OCN has previously been shown to increase nitric oxide production and prevent free fatty acid‐induced apoptosis in human aortic endothelial cells (HAECs); increase angiogenesis in a chick embryo in vivo model; increase proliferation in HAECs and HASMCs; and increase glucose metabolism and promote vascular calcification in OCN‐over expressing mouse chondrocytes and vascular smooth muscle cells (Cantatore, Crivellato, Nico, & Ribatti, 2005; Idelevich, Rais, & Monsonego‐Ornan, 2011; Jung et al., 2013; Millar, Anderson, & O'sullivan, 2019). Interestingly, Hill et al. (2014) demonstrated an anti‐inflammatory role of both cOCN and ucOCN (20 ng/ml) in isolated rat adipocytes by decreasing TNF‐α secretion, while cOCN also decreased IL‐6 secretion (Hill et al., 2014). Furthermore, in whole tissue extracts, IL‐10 (an anti‐inflammatory cytokine) was increased (Hill et al., 2014).

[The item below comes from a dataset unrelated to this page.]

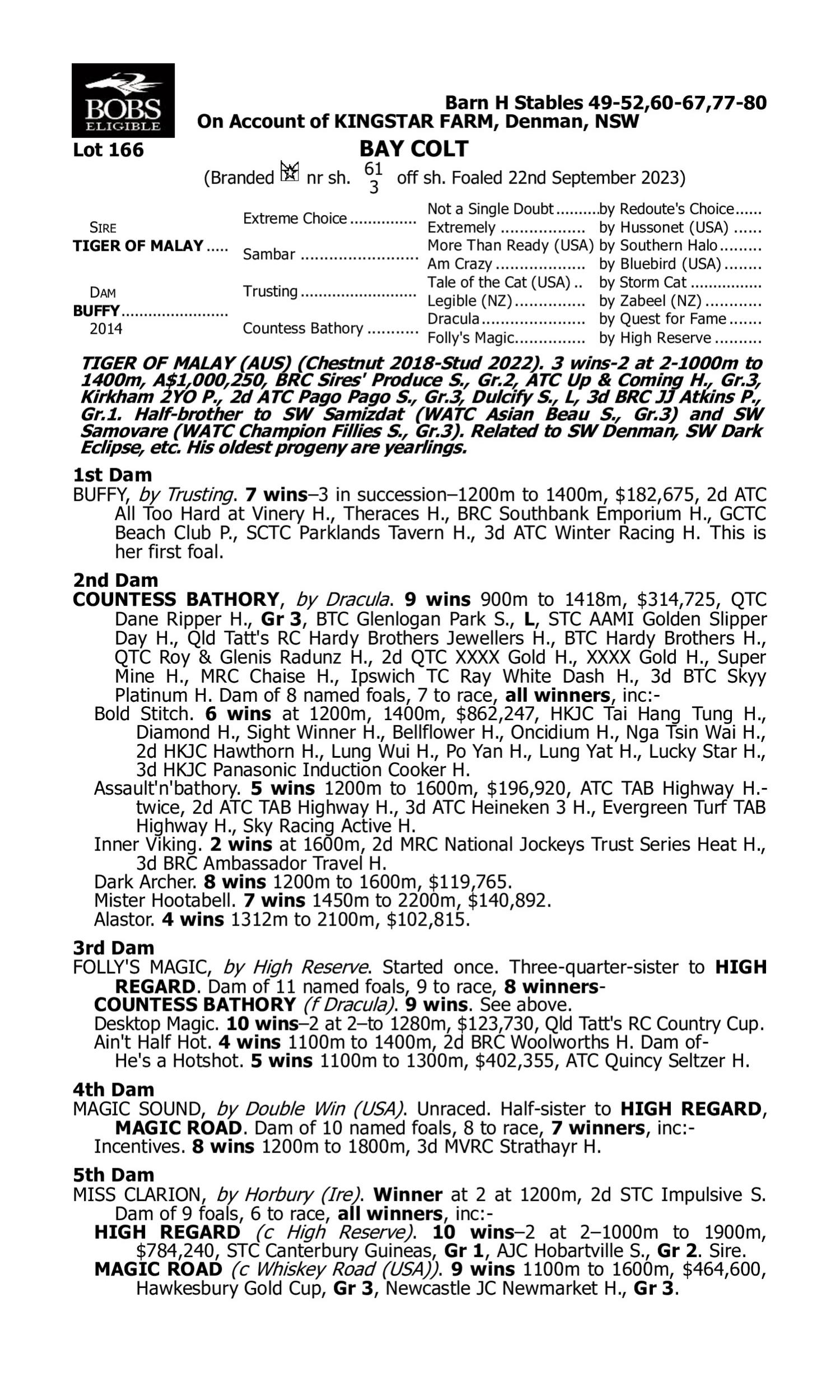 Pedigree for Lot 166 Tiger of Malay - Buffy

The potential role for OCN in the development of atherosclerosis has been recently extensively reviewed (Tacey et al., 2018). The question remains however whether OCN is a pathological bystander or in fact mediator. To our knowledge, no in vitro studies to date have investigated the inflammatory role of OCN in human vascular cells. The aim of the current experiments was to investigate the distinct role of ucOCN in HAECs and human aortic smooth muscle cells (HASMCs) after acute and chronic administration, with and without stimulated inflammation. We hypothesized that ucOCN may reduce proinflammatory markers when administered on its own and may reduce the stimulated inflammatory responses of HAECs and HASMCs.

MATERIALS AND METHODS

Osteocalcin

Human ucOCN (amino acids 1–49, [Glu17,21,24]) was purchased from AnaSpec Inc. CA (AS‐65307). The amino acid sequence of purchased OCN was as follows: Tyr‐Leu‐Tyr‐Gln‐Trp‐Leu‐Gly‐Ala‐Pro‐Val‐Pro‐Tyr‐Pro‐Asp‐Pro‐Leu‐Glu‐Pro‐Arg‐Arg‐Glu‐Val‐Cys‐Glu‐Leu‐Asn‐Pro‐Asp‐Cys‐Asp‐Glu‐Leu‐Ala‐Asp‐His‐Ile‐Gly‐Phe‐Gln‐Glu‐Ala‐Tyr‐Arg‐Arg‐Phe‐Tyr‐Gly‐Pro‐Val. The same batch of ucOCN has been previously shown to be biologically active in vascular cells in our previous work (Millar et al., 2019).

Cell culture

HAECs and HASMCs were purchased from PromoCell (UK) and maintained at 37°C in a humidified incubator supplemented with 5% CO2. Cells were cultured in endothelial cell growth media and smooth muscle cell growth media, respectively, containing 1% penicillin–streptomycin (Sigma‐Aldrich, UK) and supplemental mix (PromoCell, UK). In all experiments, cells were used between passages 3 and 5. After experimental treatments, cell media was collected and cells were washed once with phosphate‐buffered saline (PBS; pH 7.4; Gibco™). Radioimmunoprecipitation buffer (Sigma‐Aldrich) with protease and phosphatase inhibitors (A32959; Thermo Fisher Scientific) was added to lyse the cells and the plates were shaken at 4°C for an hour. The cells were then collected and centrifuged at 14,000g for 5 min at 4°C and cell supernatants were frozen at −80°C.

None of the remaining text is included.